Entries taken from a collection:
--- START ---
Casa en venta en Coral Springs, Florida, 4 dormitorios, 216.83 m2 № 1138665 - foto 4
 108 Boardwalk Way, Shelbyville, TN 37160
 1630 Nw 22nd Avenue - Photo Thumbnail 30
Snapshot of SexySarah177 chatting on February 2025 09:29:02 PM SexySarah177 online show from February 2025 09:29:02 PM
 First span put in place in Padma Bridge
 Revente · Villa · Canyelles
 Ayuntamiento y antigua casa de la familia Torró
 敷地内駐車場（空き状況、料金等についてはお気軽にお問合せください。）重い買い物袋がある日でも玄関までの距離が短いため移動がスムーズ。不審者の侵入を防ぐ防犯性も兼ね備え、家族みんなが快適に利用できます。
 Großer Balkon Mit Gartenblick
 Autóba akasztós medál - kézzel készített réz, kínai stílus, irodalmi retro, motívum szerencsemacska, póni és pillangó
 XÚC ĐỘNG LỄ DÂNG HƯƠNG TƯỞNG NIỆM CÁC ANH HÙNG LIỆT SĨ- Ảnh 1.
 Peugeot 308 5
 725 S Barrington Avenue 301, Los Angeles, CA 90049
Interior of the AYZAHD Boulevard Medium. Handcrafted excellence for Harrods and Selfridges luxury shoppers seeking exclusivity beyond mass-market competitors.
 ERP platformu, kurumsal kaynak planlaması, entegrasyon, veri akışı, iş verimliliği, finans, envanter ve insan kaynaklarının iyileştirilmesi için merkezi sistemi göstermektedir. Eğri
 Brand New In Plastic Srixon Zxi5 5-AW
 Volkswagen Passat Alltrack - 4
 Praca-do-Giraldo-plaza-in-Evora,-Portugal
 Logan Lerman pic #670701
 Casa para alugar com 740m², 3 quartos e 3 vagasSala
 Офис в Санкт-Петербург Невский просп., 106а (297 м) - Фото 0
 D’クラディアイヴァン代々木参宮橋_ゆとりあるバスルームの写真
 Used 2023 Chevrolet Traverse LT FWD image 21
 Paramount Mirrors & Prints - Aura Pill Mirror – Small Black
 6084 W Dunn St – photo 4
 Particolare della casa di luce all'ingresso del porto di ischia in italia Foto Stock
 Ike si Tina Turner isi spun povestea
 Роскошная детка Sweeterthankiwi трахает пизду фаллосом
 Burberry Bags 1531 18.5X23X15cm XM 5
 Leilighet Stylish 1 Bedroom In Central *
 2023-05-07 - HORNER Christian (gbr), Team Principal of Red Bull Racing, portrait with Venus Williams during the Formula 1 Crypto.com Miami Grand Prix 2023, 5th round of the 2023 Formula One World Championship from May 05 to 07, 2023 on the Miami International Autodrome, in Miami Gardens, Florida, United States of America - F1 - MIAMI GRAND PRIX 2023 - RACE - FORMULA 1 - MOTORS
--- END ---
— Prompt —
Each record needs to be copied out again, letter for letter.

— Expected answer —
Casa en venta en Coral Springs, Florida, 4 dormitorios, 216.83 m2 № 1138665 - foto 4
 108 Boardwalk Way, Shelbyville, TN 37160
 1630 Nw 22nd Avenue - Photo Thumbnail 30
Snapshot of SexySarah177 chatting on February 2025 09:29:02 PM SexySarah177 online show from February 2025 09:29:02 PM
 First span put in place in Padma Bridge
 Revente · Villa · Canyelles
 Ayuntamiento y antigua casa de la familia Torró
 敷地内駐車場（空き状況、料金等についてはお気軽にお問合せください。）重い買い物袋がある日でも玄関までの距離が短いため移動がスムーズ。不審者の侵入を防ぐ防犯性も兼ね備え、家族みんなが快適に利用できます。
 Großer Balkon Mit Gartenblick
 Autóba akasztós medál - kézzel készített réz, kínai stílus, irodalmi retro, motívum szerencsemacska, póni és pillangó
 XÚC ĐỘNG LỄ DÂNG HƯƠNG TƯỞNG NIỆM CÁC ANH HÙNG LIỆT SĨ- Ảnh 1.
 Peugeot 308 5
 725 S Barrington Avenue 301, Los Angeles, CA 90049
Interior of the AYZAHD Boulevard Medium. Handcrafted excellence for Harrods and Selfridges luxury shoppers seeking exclusivity beyond mass-market competitors.
 ERP platformu, kurumsal kaynak planlaması, entegrasyon, veri akışı, iş verimliliği, finans, envanter ve insan kaynaklarının iyileştirilmesi için merkezi sistemi göstermektedir. Eğri
 Brand New In Plastic Srixon Zxi5 5-AW
 Volkswagen Passat Alltrack - 4
 Praca-do-Giraldo-plaza-in-Evora,-Portugal
 Logan Lerman pic #670701
 Casa para alugar com 740m², 3 quartos e 3 vagasSala
 Офис в Санкт-Петербург Невский просп., 106а (297 м) - Фото 0
 D’クラディアイヴァン代々木参宮橋_ゆとりあるバスルームの写真
 Used 2023 Chevrolet Traverse LT FWD image 21
 Paramount Mirrors & Prints - Aura Pill Mirror – Small Black
 6084 W Dunn St – photo 4
 Particolare della casa di luce all'ingresso del porto di ischia in italia Foto Stock
 Ike si Tina Turner isi spun povestea
 Роскошная детка Sweeterthankiwi трахает пизду фаллосом
 Burberry Bags 1531 18.5X23X15cm XM 5
 Leilighet Stylish 1 Bedroom In Central *
 2023-05-07 - HORNER Christian (gbr), Team Principal of Red Bull Racing, portrait with Venus Williams during the Formula 1 Crypto.com Miami Grand Prix 2023, 5th round of the 2023 Formula One World Championship from May 05 to 07, 2023 on the Miami International Autodrome, in Miami Gardens, Florida, United States of America - F1 - MIAMI GRAND PRIX 2023 - RACE - FORMULA 1 - MOTORS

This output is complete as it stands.